Kapitel 5 – Lockruf der See
     
    New York, 20. November 2271
     
    Nur fragende Gesichter. Nur Skepsis.
    Aber es kümmerte ihn nicht. Nicht mehr. Er wusste endlich – endlich! – was zu tun war. Seine Kreuzung lag hinter ihm. Der Weg voraus war klar und so offen wie ein aufgeschlagenes Buch.
    »Admiral, wir wären dann soweit. Noch zehn Minuten, in Ordnung?«
    Der Knirps – wie hatte sein Name gelautet? Harry? Larry? Er wusste es nicht mehr – war persönlich gekommen, um den Star des Abends zu informieren. Keine Nachricht via Kom-Kanal, keine Textmitteilung, keine Lakaien. Das hier, so machte die Anwesenheit des Burschen dort im Türrahmen seiner kleinen Garderobe mehr als deutlich, war wichtig. Auch wenn es niemand zu begreifen schien. Ersteres war Vince Taglieri eine kleine Genugtuung, Letzteres war ihm egal. Sollten sie zweifeln. Er sah es ihnen gern nach. Schließlich hatte auch er lange genug gezweifelt. Zu lange.
    »Ja, doch, wir wissen’s«, entgegnete Jasper Mitchell schroffer, als Vince es für nötig hielt. »Wir können die Uhr lesen.«
    Larryharry der Knirps nickte nur und lächelte. Kein Anzeichen davon, dass die Kritik des ehemaligen Ratsvorsitzenden auch nur zu ihm durchgedrungen wäre. »Hals und Beinbruch, Sir«, sagte er überflüssigerweise. »Ich … Ich bin gespannt, was Sie uns erzählen wollen.«
    Oh, das war Vince auch. Wenngleich er mittlerweile ein relativ gutes Bild davon hatte. Es war eigenartig, doch je näher der Termin rückte, desto sicherer wurde er sich der Formulierungen und der Redestruktur, die er seit Tagen im Geiste er- und überarbeitete. Seit er Mitchells Vorschlag zugestimmt hatte.

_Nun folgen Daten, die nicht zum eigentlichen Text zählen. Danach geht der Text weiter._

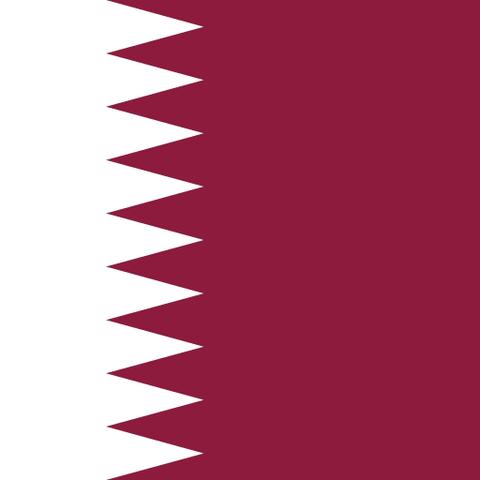 Qatar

    »Zweitausend Leute im Saal«, murmelte der unehrenhaft geschasste Politiker gerade. Er hielt sich die Hand ans Ohr. Vincent ahnte, dass er einen kleinen Empfänger in ihrer Muschel halten musste, über den ihn seine Mitarbeiter außerhalb der Garderobe mit den aktuellsten Informationen versorgten.